» **TASK BRIEF**: Return the lines of the material below exactly, beginning with the line that has "8 Creekstone Place, Port Moody, BC" in it and finishing with the line that has "Image No.13-3 Bed House for sale" in it. Leave all pictures aside.

» **DATA LISTING**:
=== Section Start ===
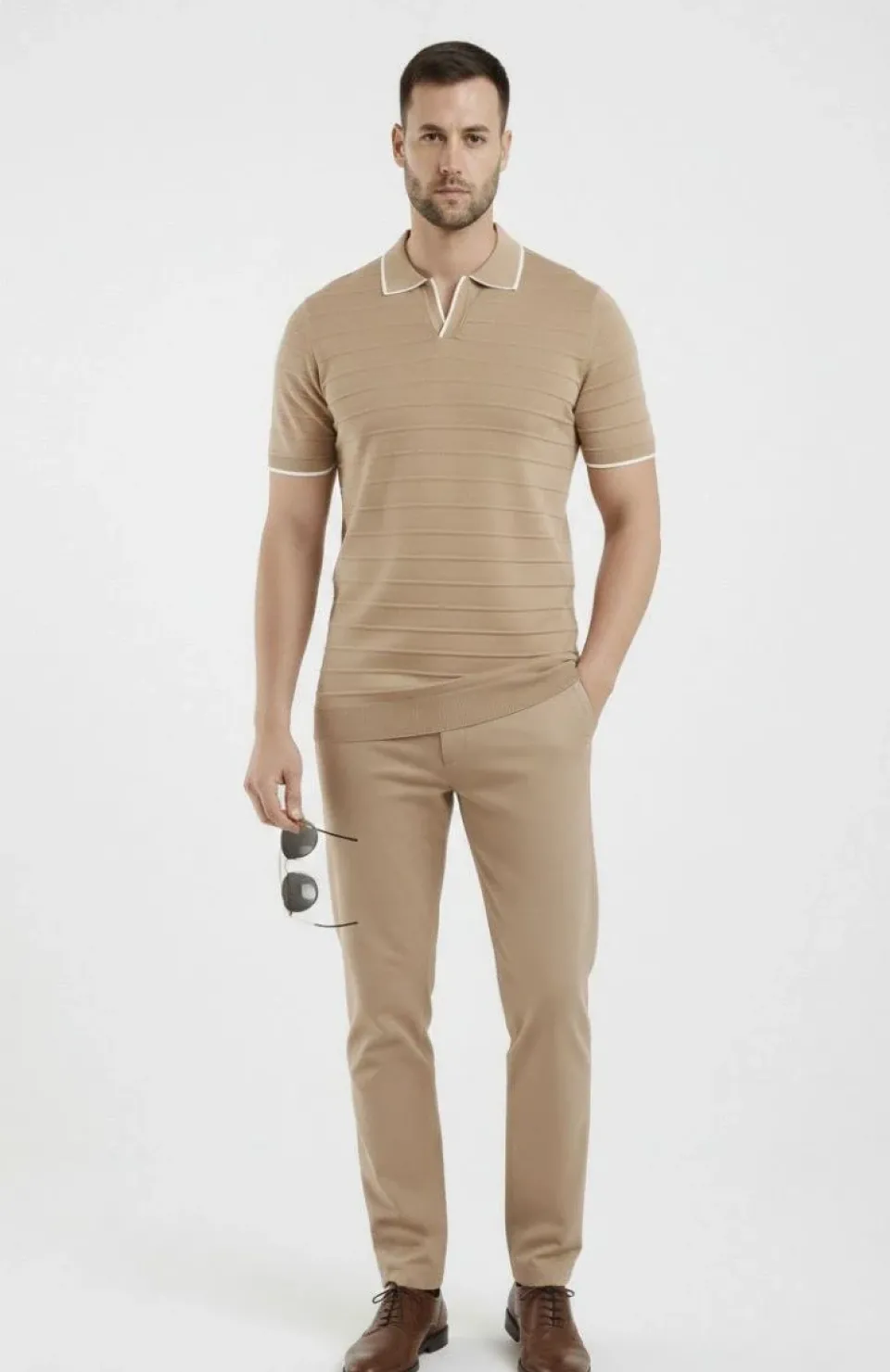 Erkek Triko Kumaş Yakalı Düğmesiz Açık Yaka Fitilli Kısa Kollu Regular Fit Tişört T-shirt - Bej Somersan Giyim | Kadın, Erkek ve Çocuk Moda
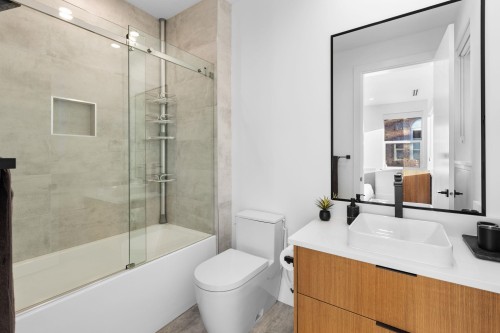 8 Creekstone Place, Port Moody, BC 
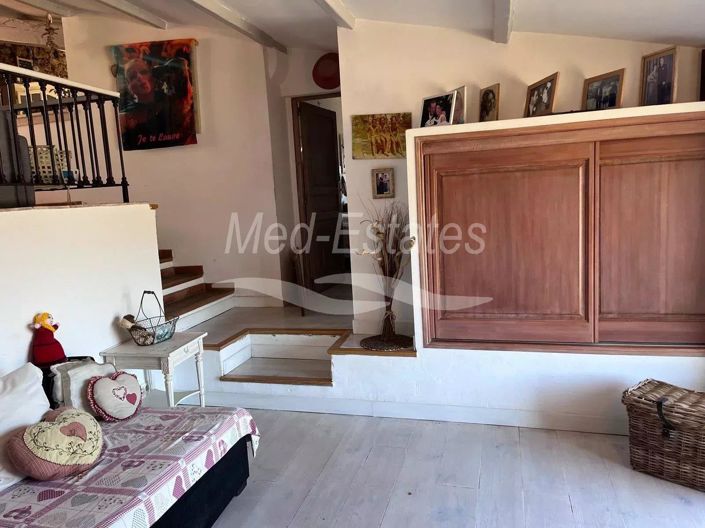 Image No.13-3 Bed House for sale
=== Section End ===
=== Section Start ===
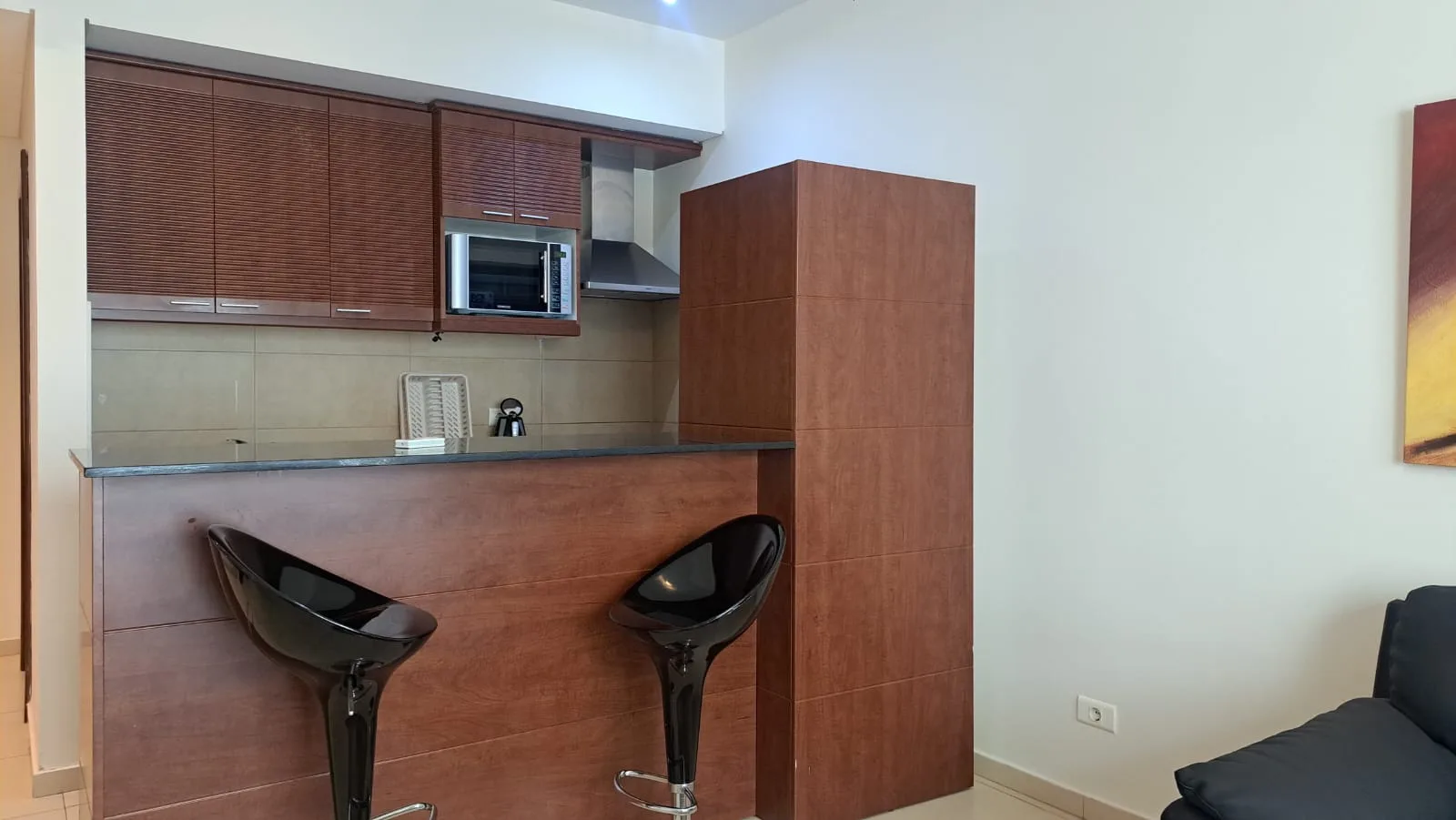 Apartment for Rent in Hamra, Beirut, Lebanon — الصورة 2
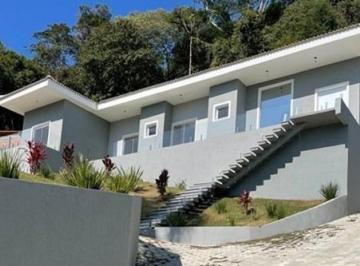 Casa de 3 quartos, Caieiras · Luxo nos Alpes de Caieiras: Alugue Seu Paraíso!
=== Section End ===
» **EXERCISE SOLUTION**:
 8 Creekstone Place, Port Moody, BC 
 Image No.13-3 Bed House for sale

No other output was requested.